Smart contracts are simple programs that are stored on the blockchain and can be used to automatically execute instructions under certain conditions. Smart contracts take the digital place of a trusted third party and because they are stored on the blockchain, they inherit the immutable and distributed properties from the blockchain. Hence, tampering with smart contracts becomes almost impossible.

“Blockchain had a revolutionary impact in corporate governance by offering greater transparency among stakeholders. By leveraging blockchain-enabled smart contracts, we eliminate the need for trust in the federation and reduce barriers of entry, lock-in, and transaction costs, by removing obsolete trust-establishing mechanisms,” said Dr. Otrok.

There are a handful of blockchain networks that support smart contracts, with Ethereum being the largest and specifically created and designed to support them. Dr. Otrok and his team implemented a decentralized model on the Ethereum network, designing their smart contracts with the Solidity programming language. Their model is designed to embody quality verification for cloud providers who lease computing resources from each other and optimize workload.

“The interaction between cloud service providers (either providing a service or requesting it from another provider) and the Oracle through smart contracts comprises a system of autonomous and utility maximizer agents. Cloud requesters seek to receive high quality services with constant monitoring at cheap prices or even with no charge, while cloud providers aim to have a balanced workload with less preserved capacity, and the Oracle tends to charge higher for their monitoring services. Therefore, to model this conflicting situation, we formulated a dynamic Stackelberg differential game to optimize the cost of using the Oracle and maximize the profit of the agents with the role provider agent as a leader, and the requester and verifier agents as followers.”
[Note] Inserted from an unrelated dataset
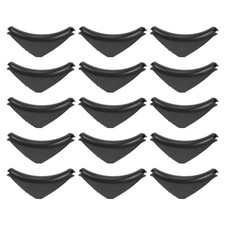  15PCS Snack Vending Machine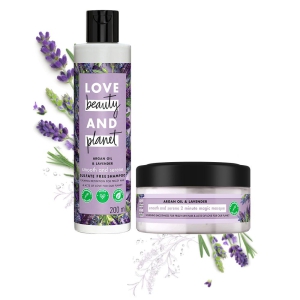 shampoo-mask-combo-argan-oil-lavender-frizz-free-combo-200ml-200ml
The Stackelberg game model is a strategic game in economics in which the leader firm moves first and the follower firms move sequentially; in game theory terms, the players of this game are a leader and a follower, with players competing on maximizing their gain. The Stackelberg model can be solved to find the subgame perfect Nash equilibrium (SPNE), which is the strategy equilibrium that optimizes outcomes for each player.

“Game theory has been successfully applied in the cloud computing area for resource allocation and pricing mechanisms, where the interactions of players have to be taken into account,” said Dr. Otrok. “A user-provider interactive approach has been taken in previous works, where a Stackelberg game is designed to consider constrained pricing with limited resources offered by a cloud service provider and the optimal user demands. However, the price is the only utility factor considered in these studies and the importance of Quality of Service is somehow neglected.”

“The results from our Stackelberg differential game revealed that the requester agent initiates most of the quality verification requests at the beginning to the middle of the contract. Thus, the provider agent could reserve fewer computing resources as it could share the workload among other customers’ computing resources during this peak-time. Moreover, imposing a higher penalty on the provider agent increased the capacity and decreased the number of requests for quality verification at the equilibrium. We also found that the impact of timing in the dynamic pricing strategy of the verifier agent is very minimal, and the provisioning capacity of the provider is strongly correlated with the monitoring price.”

Dr. Otrok’s model used a single trusted Oracle to perform the verification. However, blind trust in a single third-party may hinder the reliability and efficiency of the blockchain network. His team plans to consider multiple Oracles and more advanced techniques such as reinforcement learning, to enforce truthfulness among the Oracles and select the most reliable and efficient at each stage of verification.